Jam ke terakhir yaitu Fisika. Tak seperti biasanya hari ini fisika jam kosong. Semuanya sedang sibuk dengan urusannya masing-masing. Rasanya tubuhku belum terlalu sehat, aku pun memutuskan untuk duduk manis melamun di meja saja. Aku memikirkan bagaimana agar aku bisa menutupi perasaan ini dengan rapi, tanpa ada yang tahu hanya beberapa teman dekatku. Tapi tak jarang ada beberapa temanku yang merasa janggal antara aku dengan Kaka. Lebih parahnya lagi ada yang mengira jika Kaka punya rasa denganku sama. Meski begitu aku masih merasa tak yakin. Andaikan dia punya rasa yang sama mungkin itu kado terindah dari Tuhan.

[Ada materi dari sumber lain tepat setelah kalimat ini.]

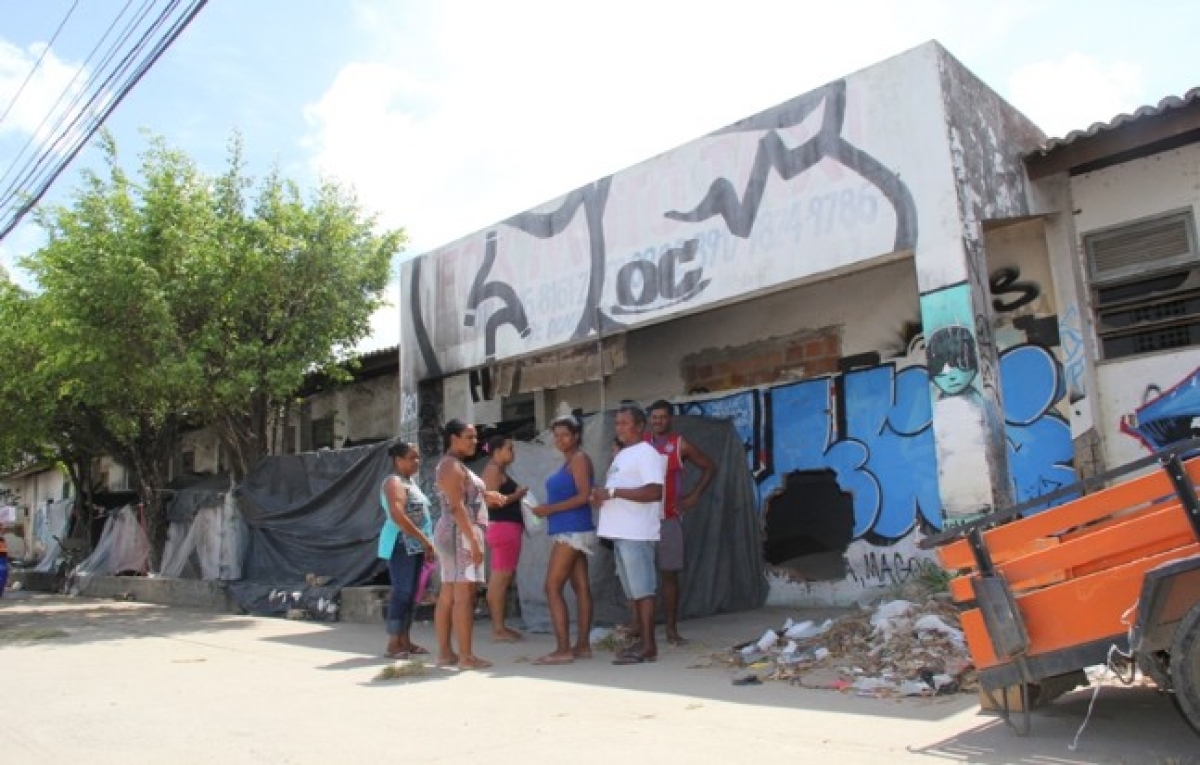 Sem-teto continuam ocupando posto abandonado na zona Norte de Aracaju (Imagem: F5 News)
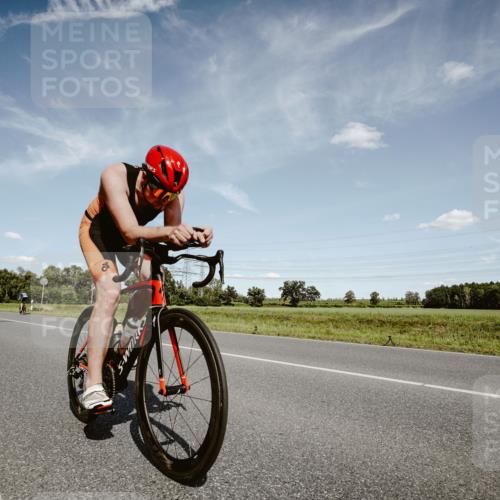 07.09.2025 - 19. Norderstedt Triathlon Michael Burmester http://msf.ph/oto/8850094 07.09.2025 14:10:40 Radfahren 999, 1003, 1421 meine-sportfotos.de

Bahkan aku pernah berfikir lebih menyenangkan menjadi aku yang dulu yang hanya bisa menatapnya dari kejauhan. Aku pun merasa sepertinya dia memiliki perasaan yang sama seperti ku. Tapi selalu aku tepis pikiran seperti itu karena itu tidak mungkin.
 “Menurutku sebenarnya dia punya rasa sepertimu mi” tiba-tiba aku terkejut mendengar suara itu. Iyups suara itu sudah tak asing lagi bagiku, dia salah satu sahabatku panggil saja Vee. Sejak kelas 7 dia memanggilku dengan sebutan Mami. Mungkin dia salah satu orang yang sering sekali mendengar curhat dariku. “Tak mungkin Vee konyol rasanya jika dia punya rasa yang sama sepertiku” jawabku dengan lemas. “Di dunia ini tak ada yang tak mungkin mi, aku yakin sekali dia punya rasa yang sama sepertimu. Dari gerak geriknya saja sudah kelihatan. Ingatlah orang suka tak bisa ditutupi” jawab Vee sambil menyakinkanku.
Menunggu itu menyakitkan. Namun lebih menyakitkan lagi jika sama-sama menunggu tetapi tidak saling tahu. Apa aku mencintai orang yang salah? Orang yang hadir seumpama hanya dalam angan maya? Mungkin, kau diam. Tapi aku telah terbiasa denganmu, terbiasa dengan lelucon klasikmu, terbiasa dengan gayamu menghiburku saat dunia memojokkanku dengan sindirian kecil untuk menusuk mereka. Ya aku tak seharusnya mengharapkan kita menjadi nyata. Aku hanya ingin kita saling mengisi dan tak pernah berubah, takkan pernah.